O ministro da Secretaria-Geral da Presidência da República, Guilherme Boulos, reforçou nesta segunda-feira o compromisso do governo federal com pautas cruciais para o país. Em entrevista à estreia do programa Alô Alô Brasil, da Rádio Nacional (EBC), Boulos destacou a erradicação da escala de trabalho 6×1 como uma das principais metas para o ano.
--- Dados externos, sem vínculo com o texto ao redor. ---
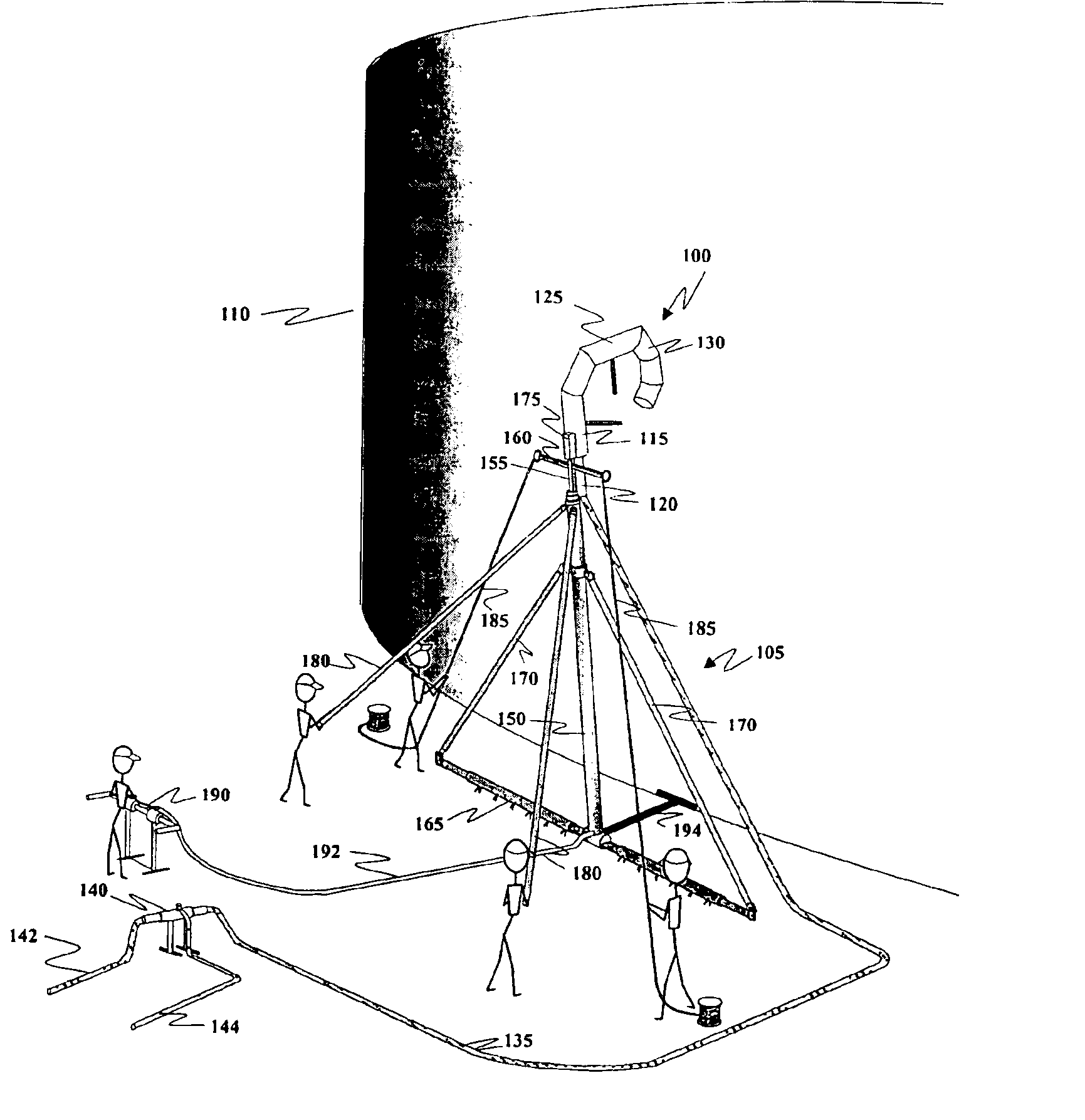 Method and apparatus for extinguishing fires in storage vessels containing flammable or combustible liquids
Além da reforma trabalhista, o ministro abordou avanços em segurança pública, a regulamentação dos direitos dos trabalhadores de aplicativos e a urgente questão das hidrovias na Amazônia, marcando a amplitude da agenda governamental.
Revolução na Jornada de Trabalho: O Fim da Escala 6×1
A proposta central do governo Lula, conforme explicitado por Boulos, visa eliminar a escala de trabalho 6×1, substituindo-a por um modelo de no máximo 5×2. Essa mudança garantiria ao trabalhador um mínimo de dois dias de descanso semanais e reduziria a jornada máxima para 40 horas, mantendo os salários inalterados. O ministro prevê que a aprovação dessa medida possa ocorrer ainda neste semestre, amparada por um amplo apoio popular, evidenciado por pesquisas que indicam a favorabilidade de 73% dos brasileiros.
Boulos reconhece a natural resistência do setor empresarial a tais avanços, mas contextualiza-a historicamente. Ele comparou a oposição atual a debates passados sobre conquistas como o salário mínimo, o 13º salário e as férias remuneradas, cujas aprovações, apesar das previsões pessimistas, não resultaram no colapso econômico. Segundo ele, a história demonstra que direitos trabalhistas são fundamentais para o desenvolvimento social sem necessariamente comprometer a economia.
Prioridades Sociais: Segurança Pública e Direitos dos Trabalhadores de Aplicativos
Além da reforma da jornada de trabalho, o ministro elencou a Proposta de Emenda à Constituição (PEC) da Segurança Pública como outra prioridade crucial. O objetivo é a criação de um Ministério da Segurança Pública com atribuições claramente definidas por lei, fortalecendo a estrutura de combate ao crime organizado e aprimorando a gestão da segurança em nível nacional.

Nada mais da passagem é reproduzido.